Samira Bueno: Por que o Rio de Janeiro e não Rio Grande do Norte? Por que não Alagoas? Sergipe? Que são estados com taxas de homicídio muito superiores. A intervenção, ela não só não vem surtindo efeitos, como você cria uma crise republicana e federativa, porque você tem vários estados com indicador de criminalidade superiores ao do Rio de Janeiro, então como é que você justifica, não só a intervenção pelo ponto de vista da mobilização dos quadros do exército, mas também o recurso que está indo pra lá.

Reginaldo Nasser: Recentemente, com a questão da intervenção no Rio, o general Augusto Heleno, que um dos que mais tem falado nisso, foi um dos primeiros comandantes de tropas na “missão de Paz no Haiti, e ele tem dado muita entrevista agora, ele está na Reserva, mas é uma pessoa de referência, e ele diz isto claramente; “Nós vamos fazer no Rio de Janeiro o que nós fizemos no Haiti”. O general tem aparecido na televisão, na Globo, como especialista em segurança pública, que é uma coisa muito interessante, porque se você  voltar um pouco, é tradicional, os militares não admitem que são de segurança pública, no primeiro momento, no sentido clássico: a função do militares é defender o país, o combate externo e eventualmente nós entramos nas questões internas. Hoje eles estão admitindo explicitamente isso.

Bueno: Eu não gosto dessa expressão “guerra”, porque eu acho que quando a gente fala que o Brasil está em guerra, é uma justificativa para a gente usar o exército, e é um pouco o que está acontecendo no Rio de Janeiro, uma justificativa de que o Rio de Janeiro está em guerra e por isso uma necessidade de usar a intervenção das Forças Armadas, então não deixa de ser, a gente não deixa de conviver com indicadores de guerra, mas isso tem maios a ver com a incompetência do poder público no desenvolvimento de políticas de segurança, do que efetivamente, um quadro de descontrole ou de uma guerra entre etnias.

Nasser – Ele trocou o comando de segurança pública que está alocado no governo, podemos discordar, mas eleito democraticamente etc. e colocou sobre o comando militar, isso é inédito nesse período pós ditatura civil militar, então a mudança é essa. Eu diria que ao acontecer isso eles estão querendo ir mais além. Eu me lembro que uma vez eu fui perguntar a um dos generais e eu vi minha ingenuidade e inocência apesar de estudar política. Eu perguntei:  Quando essas tropas vão para esse campos e tudo mais, eles são regidos pelo que?

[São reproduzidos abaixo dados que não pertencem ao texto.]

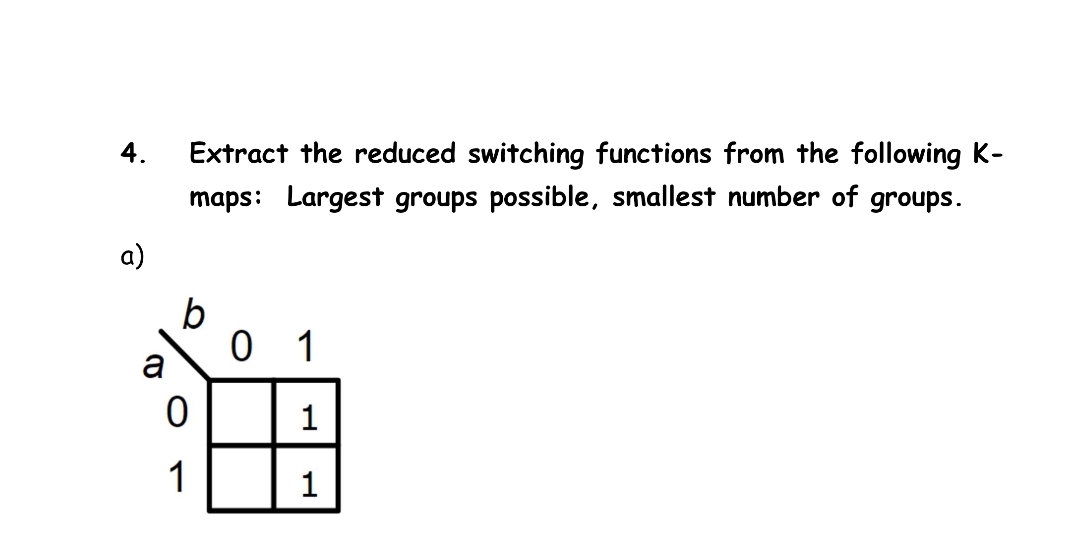4 . Extract the reduced switching functions from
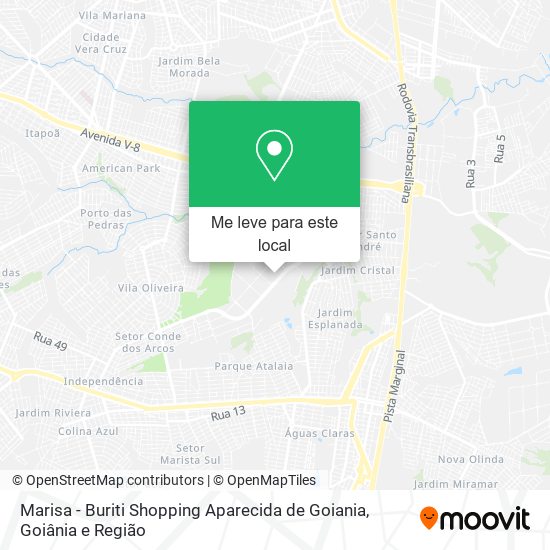 Marisa - Buriti Shopping Aparecida de Goiania mapa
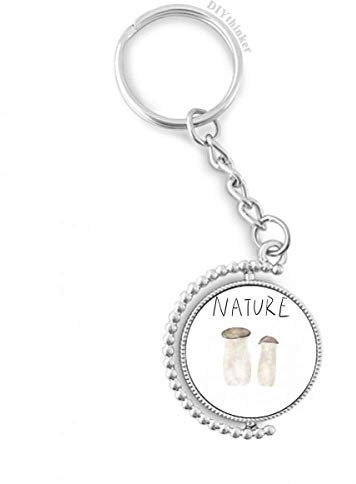 DIYthinker Natürliche Mushroom Soloisland Gemälde Drehbare Schlüsselanhänger Ringe 1.2 Zoll x 3.5 Zoll Mehrfarbig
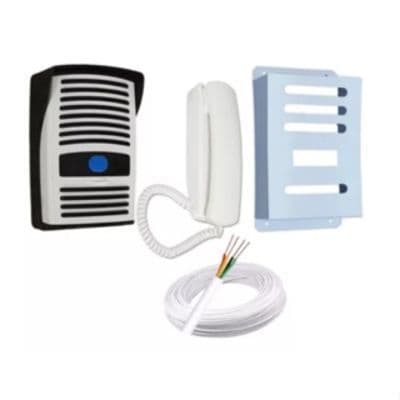 Kit P11 Interfone Porteiro Eletrônico + 100 metros Cabo + Capa Aço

Direito nacional humanitário, direitos humanos? Ele falou: nenhum dos dois, regra de engajamento.

O que é essa regra de engajamento? Cada tropa de uma regra que é dada pelo comandante, e ele da a liberdade para aquele que está em ação resolver o que ele deve fazer. Então, esse cara ali no terreno, ele tem o poder de decidir, se aquele que está ali tem intenção hostil, não tem intenção hostil.

Ao lado disso, o que aconteceu? Os militares passam a ser julgados nesses atos pela Justiça Militar. Veio coroar esse processo de intervenção. Eles estão atuando dentro do país, dentro das comunidades como se fosse um teatro de guerra. Isso é guerra. Então são militares atuando como polícia, fazendo operações policiais, mas ao mesmo tempo trazem esse ethos da guerra.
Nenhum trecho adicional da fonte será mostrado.